Look @ MEV products, I've only been able to afford their "Blems" from Joe & (R.I.P.  ) Jerry....

just My thoughts, other's may vary :thumbsup:
it ALL boils down to; "How MUCH Do YOU Want It????.."

Bubba 123 :wave:


----------



## stirlingmoss (Aug 24, 2012)

I know all about resin bodies, I used to cast my own using 2 part molds back in the day. And all my bodies were cast in color, I even would cast flames in the body.
Phil pignon and even Alan galinko purchased a few from me, and tail lights fade still uses few re-popped molds I had made.
I went by the name "gg32" on flebay
By the way what happened to MeV?


----------



## vaBcHRog (Feb 19, 2003)

Phil is not producing any resin bodies anymore, all of his bodies now are injection molded. 

MEV is still there, www.tjets.com He hasn't updated his site in awhile but he is still making new stuff. I talke to Mike every couple of months and just sent a bunch of masters to him.
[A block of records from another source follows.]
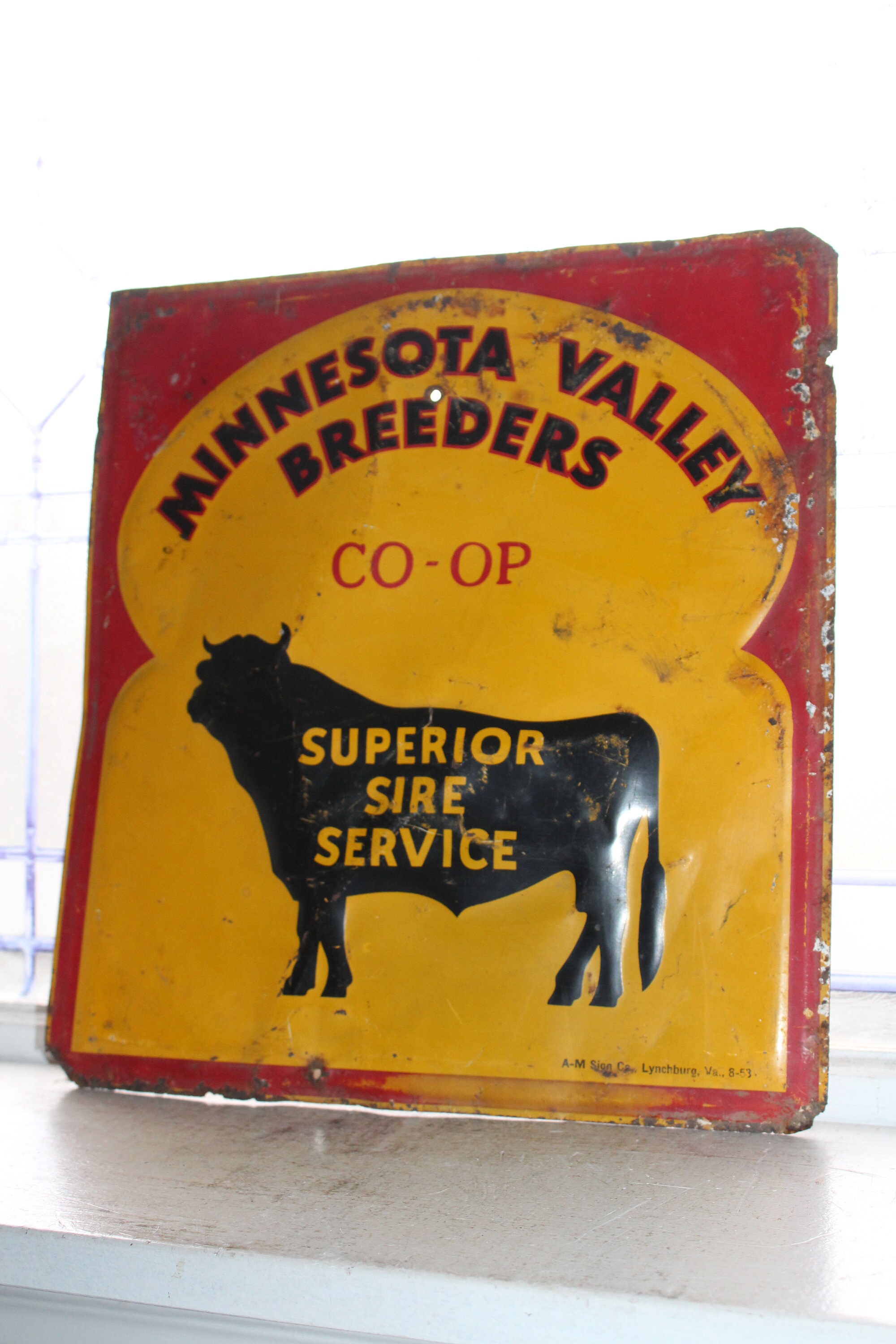 Vintage Tin Sign Minnesota Valley Breeders Coop Cattle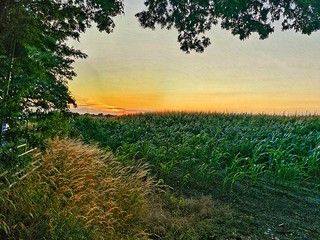 Sweet corns farm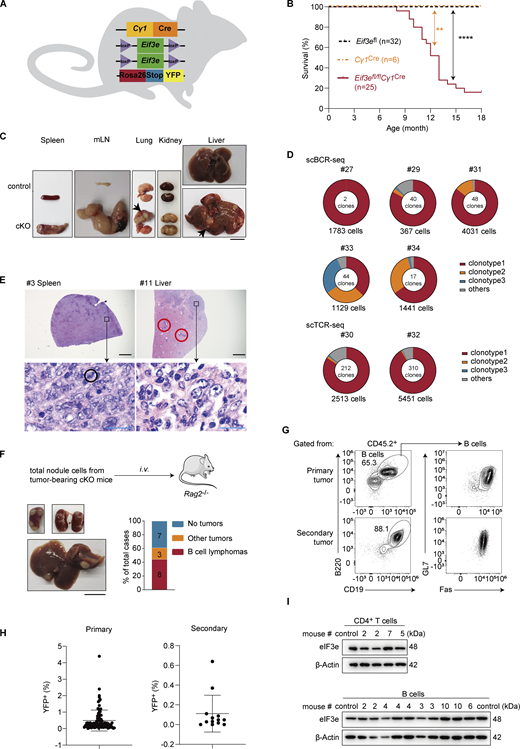 A multi-panel figure depicting experimental results on mice with B cell-specific deletion of Eif3e.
Haven't seen you on the board or ebay in awhile, but I'm no where as active as I use to be. I think I have one of your flame bodies somewhere. Didn't you make the Dyno/speed testers out of the some Tamiya RC car electronics or am I confusing you with someone else?


----------



## vaBcHRog (Feb 19, 2003)

Bubba 123 said:


> plus I'm assuming: "Made In USA" on the body.....
> just My thoughts, other's may vary :thumbsup:
> it ALL boils down to; "How MUCH Do YOU Want It????.."
> 
> Bubba 123 :wave:


Which RRR bodies say made in USA? I don't recall seeing it on any of his injection molded bodies?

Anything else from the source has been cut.